▶ _How to complete this task_
Although the data below contains pictures, output only the lines between those holding "England 2001-03 Home" and "Gucci Double G Logo Suede Slides", inclusive, exactly and without those pictures.
====================
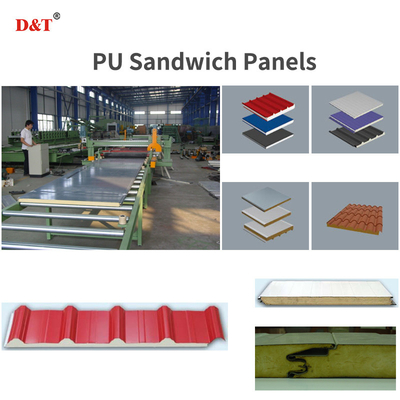 Eps Polyurethane PU Foam Sandwich Wall Panel Making Machine ciągła linia produkcyjna PU/PUR/PIR Sandwich Panel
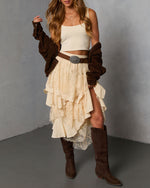 Folklore Fit Lace Maxi Skirt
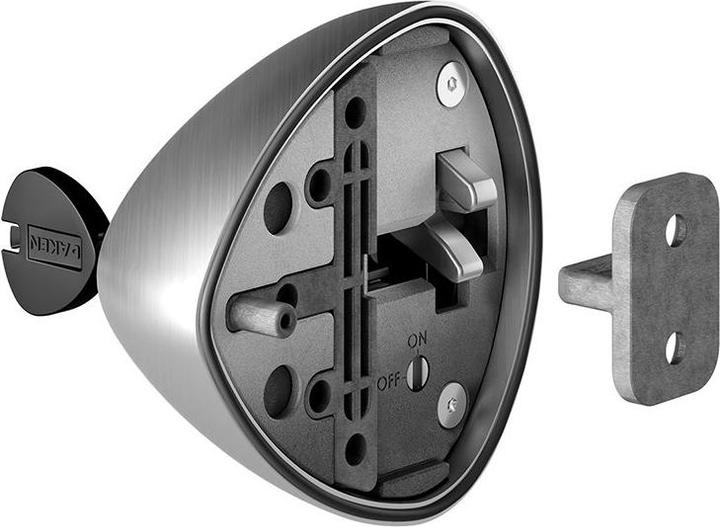 Produktbild Daken Lieferwagen Schloss Blackstone Silver Slam mit 2 Schlüsseln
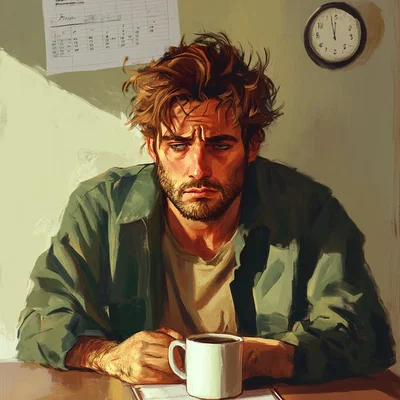 Nathaniel | Tired roommate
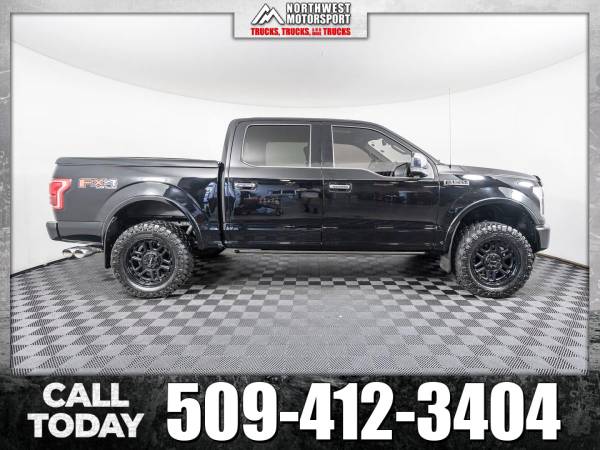 Lifted 2017 Ford F-150 Platinum FX4 4x4 - - by for sale in Pasco, WA – photo 4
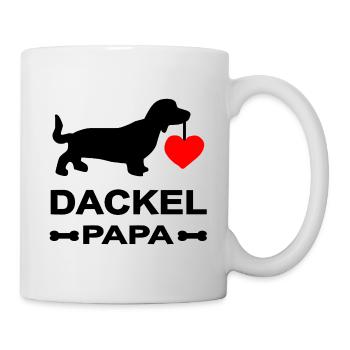 Dackel - Tasse - Weiß - Rechts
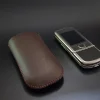 Kỳ Lân Luxury bao da rut nokia 8800 mau nau 26 Bao da rút Nokia 8800 màu nâu - Brown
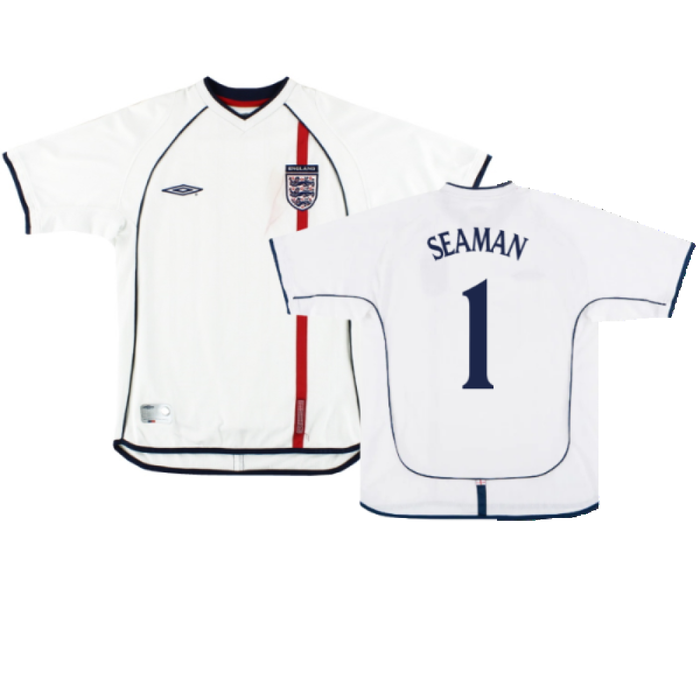 England 2001-03 Home Shirt (XL) (Good) (SEAMAN 1)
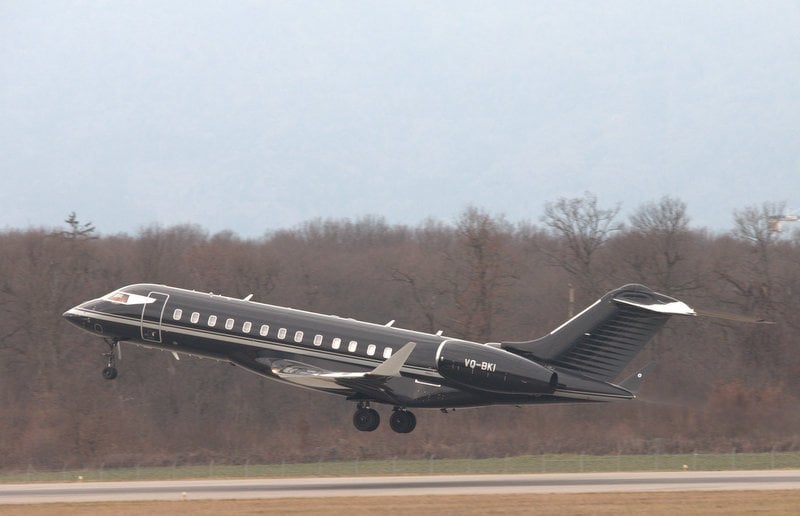 VQ-BKI Bombardier G6000 Igor Kesaev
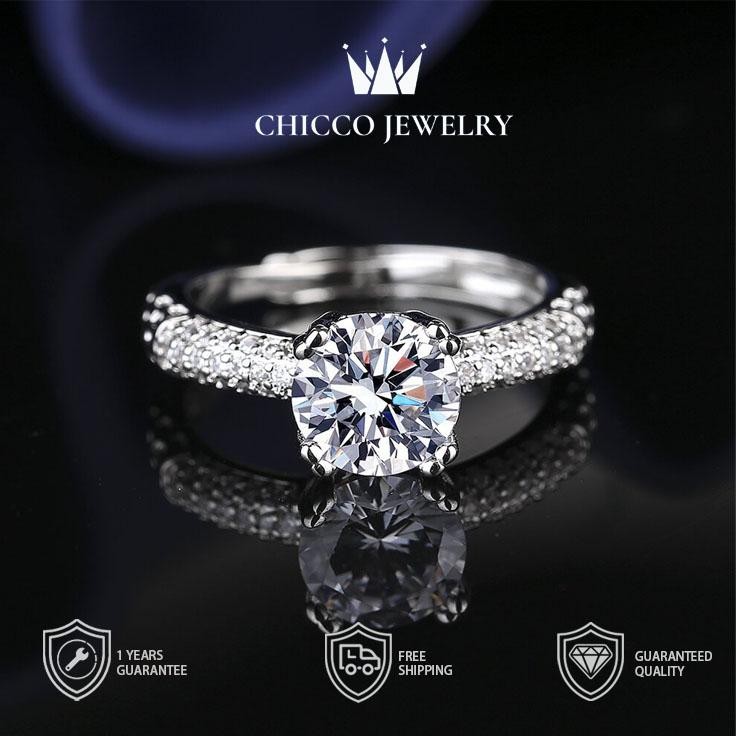 promise ring cincin tunangan cincin buat pacar Siaran langsung cincin populer cincin berlian pernika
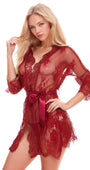 Rose Lace Robe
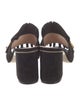 Gucci Double G Logo Suede Slides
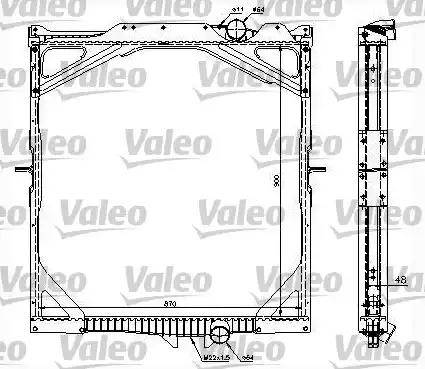 Valeo 734298 - Radiator, mühərrikin soyudulması furqanavto.az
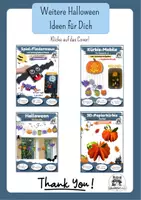 Vorschau - Mal- und Bastelvorlagen - Kunst Halloween Grundschule, Bastelvorlage mit Klappmund | Kürbis & Gruselfiguren basteln | Klasse 1, Klasse 2, Klasse 3, Klasse 4 - Seite 1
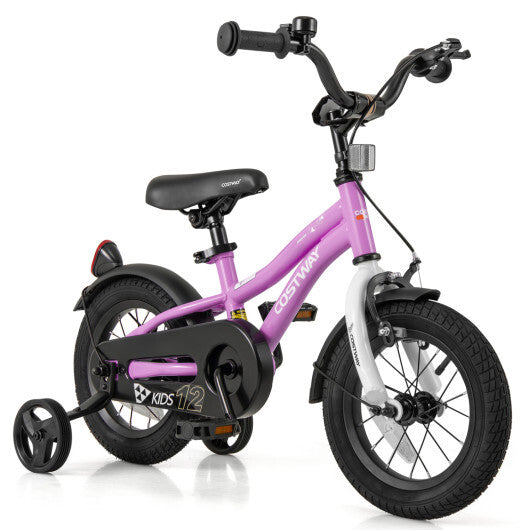 Costway Kids Bike 12-Inch Children Training Bicycle with 2 Brake for 3-4 Years Old W2B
====================
▶ _Exercise solution_
 England 2001-03 Home Shirt (XL) (Good) (SEAMAN 1)
 VQ-BKI Bombardier G6000 Igor Kesaev
 promise ring cincin tunangan cincin buat pacar Siaran langsung cincin populer cincin berlian pernika
 Rose Lace Robe
 Gucci Double G Logo Suede Slides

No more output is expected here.